There were those who over the last few weeks have said that once the elections were over, the US President would have a free hand for at least a year, until the 2012 presidential race began in earnest after Labor Day next September, to come down hard on Israel without having to face the displeasure of Jewish donors to the Democratic party, or Jewish voters.

There were others who argued the exact opposite, saying that once the midterm election ended, Obama would need to begin thinking seriously about re-election, and as a result would not do anything – such as pressuring Israel while stroking the Palestinians – that could further alienate Jewish support.
 
But the most likely scenario is that that as far as the President’s overall Middle East policy is concerned, Jerusalem – despite Tuesday’s results – will see more of the same from the Obama.
 
Obama has been very consistent regarding his perception of our conflict, and the way to resolve it. Over the last few months there has been a tactical change regarding his tone toward Israel, but not an overall strategic shift in how he views the conflict or its solution. And that is unlikely to change now.
 
Obama’s commitment to remaining heavily engaged in the diplomatic process, to working toward a two state solution, and to publicly coming out against construction in the settlements, is not likely to change as a result of the elections, or the resounding defeat his party received. He will not, justifiably, interpret that defeat as a vote on his Middle East policies.
 
But where there may be some change is his appreciation of the genuine political constraints facing Prime MInister Binyamin Netanyahu, something that may impact on his overall relationship with the prime minister.
 
Over the last few weeks, numerous stories have been coming out of Washington saying there was a good deal of frustration and anger at Netanyahu inside the Administration for using domestic political “excuses” as a reason for not responding positively to Obama’s call to extend the settlement moratorium that expired on September 26, something that would have kept the Palestinians at the negotiating table.
 
According to these reports, while Obama and his Middle East advisers appreciate that Netanyahu does indeed have coaltion constrainsts, and that if he moved too far – or went back on his promise and extended the settlement moratorium – then he risked losing his coaliton and perhaps even the premiership, they do not see this as a legitimate excuse. The president, according to these reports, believes that the role of a leader is to lead, and expected Netanyahu to do just that, even if the personal political price he would have to pay would be high indeed.
 
Tuesday’s results may give Obama a better understanding of Netanyahu’s dilemma, since Obama will now – as a result of the thunderous loss his party took in the elections – either have to take political reality into account and steer his domestic policies to the center, or face defeat if he, as is widely expected, decides to run again in 2012.

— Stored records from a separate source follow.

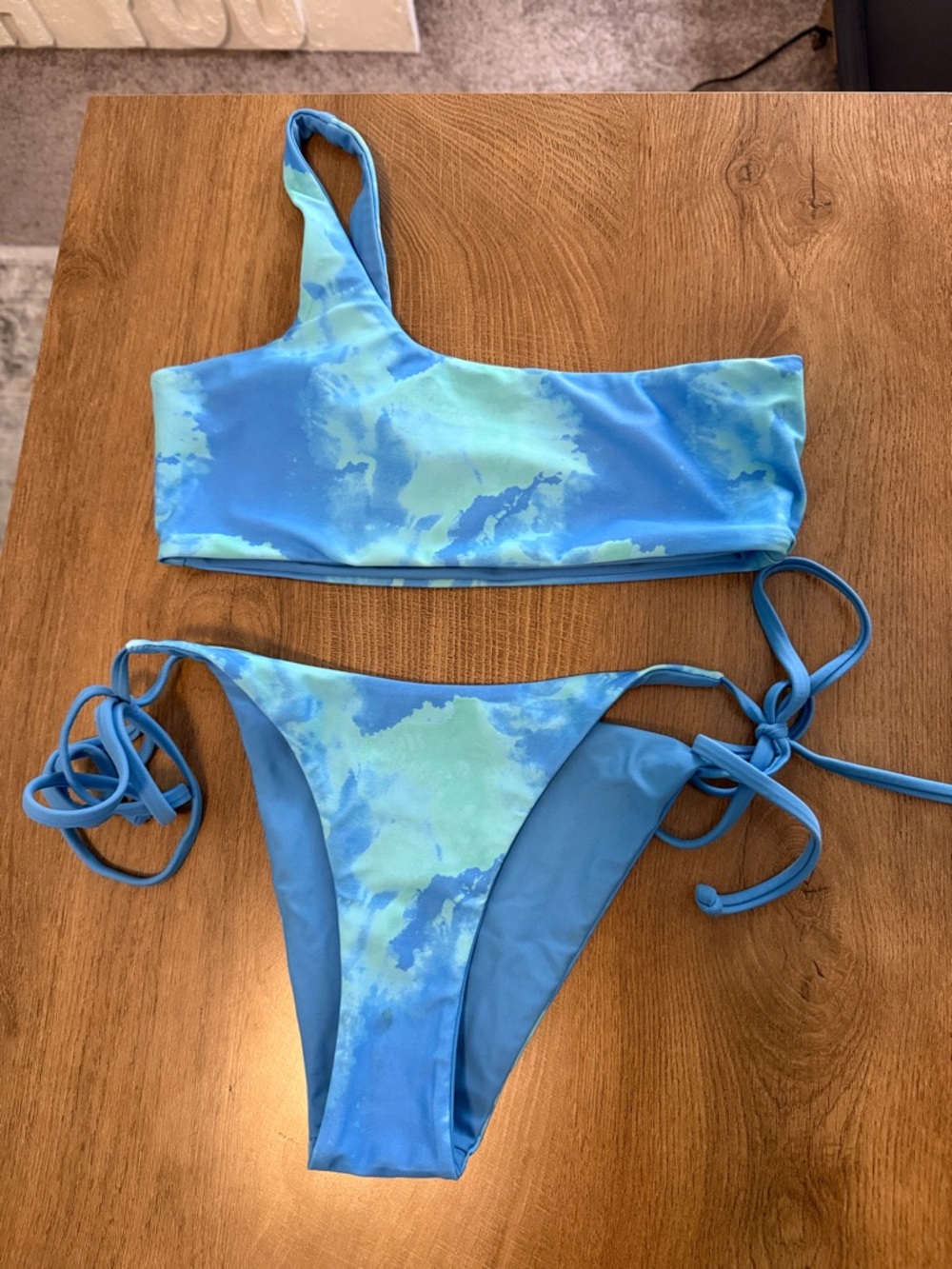 Blue Tie-Dye One-Shoulder Bikini Set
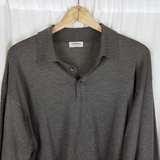 Vintage Gran Sasso Silk Cashmere Polo Collared Henley Sweater Mens 54 XL Brown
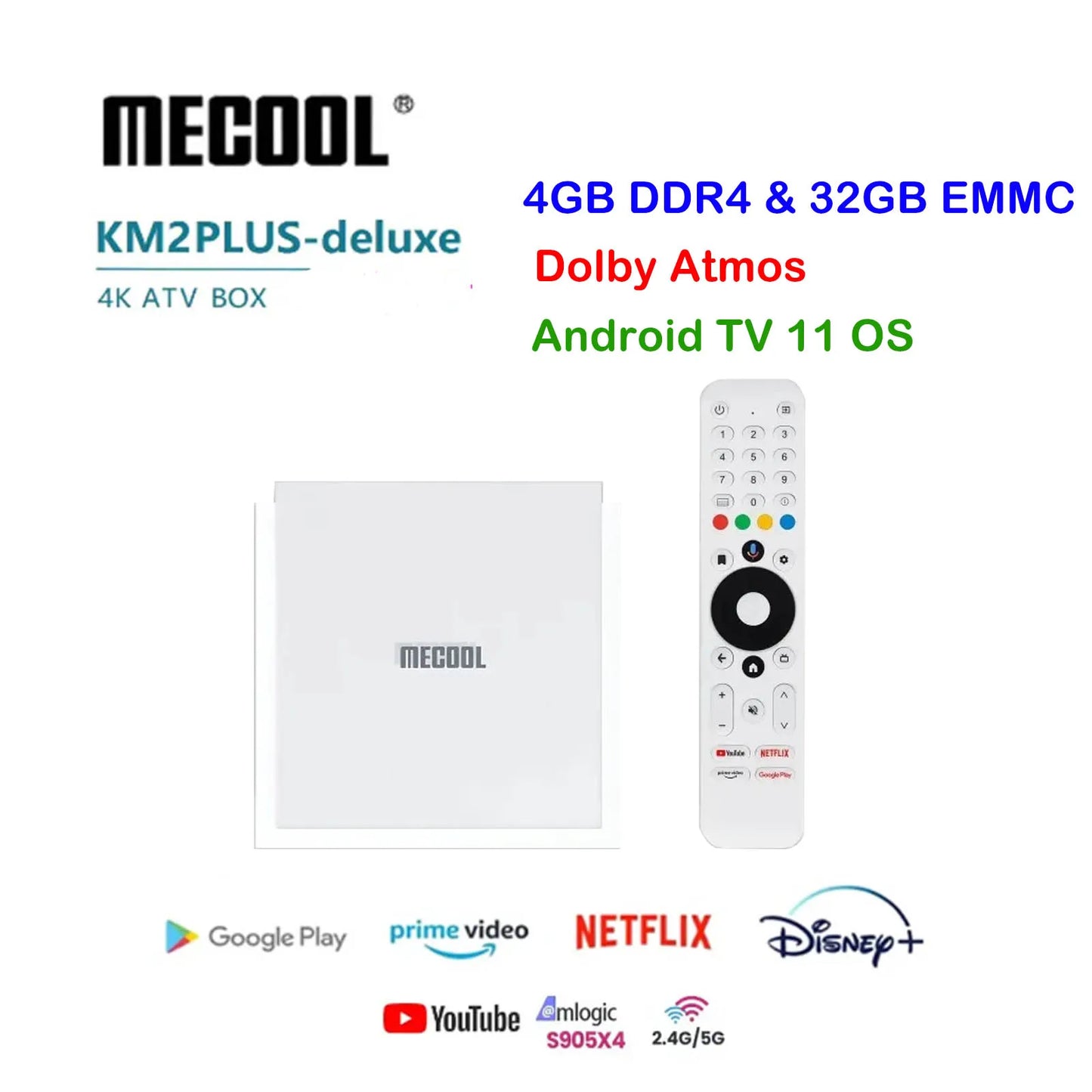 أحدث جهاز Mecool KM2 Plus Deluxe لعام 2025، ذاكرة وصول عشوائي DDR4 سعة 4 جيجابايت وذاكرة تخزين داخلية 32 جيجابايت، يعمل بنظام Android 11، معتمد من Google، Netflix بدقة 4K ATV BOX، WiFi 6، صوت Dolby Atmos TV BOX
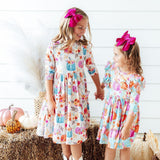 Harvest Blooms 3/4 Sleeve Pocket Twirl Dress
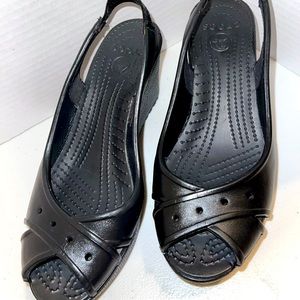 CROCS | Black Peep Toe Slingback Wedges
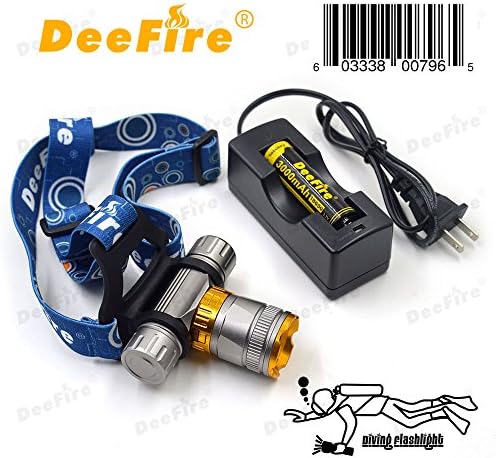 Diving Headlamp 5-Mode Dive Waterproof Headlight CREE XML-T6 LED Underwater Flashlight lamp with battery and charger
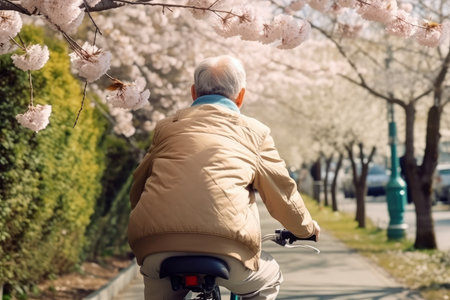 Senior man city bike. Active outdoors. fictional person. Generate AIの素材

As one pundit said Tuesday night, Obama’s choice is now either to be a pragmatist – as Bill Clinton proved to be in 1994 when he suffered a mid-term election disaster and then quickly adjusted his polices and moved toward the center – or be an ideologue and possibly burn himself up in the next election.
 
The starkness of the real political choices Obama himself will have to make after Tuesday may give him a better appreciation of the real political challenges Netanyahu is up against. And the Administration may no longer view Netanyahu’s “domestic political considerations” as just a convenient “excuse” designed to wiggle out of having to negotiate.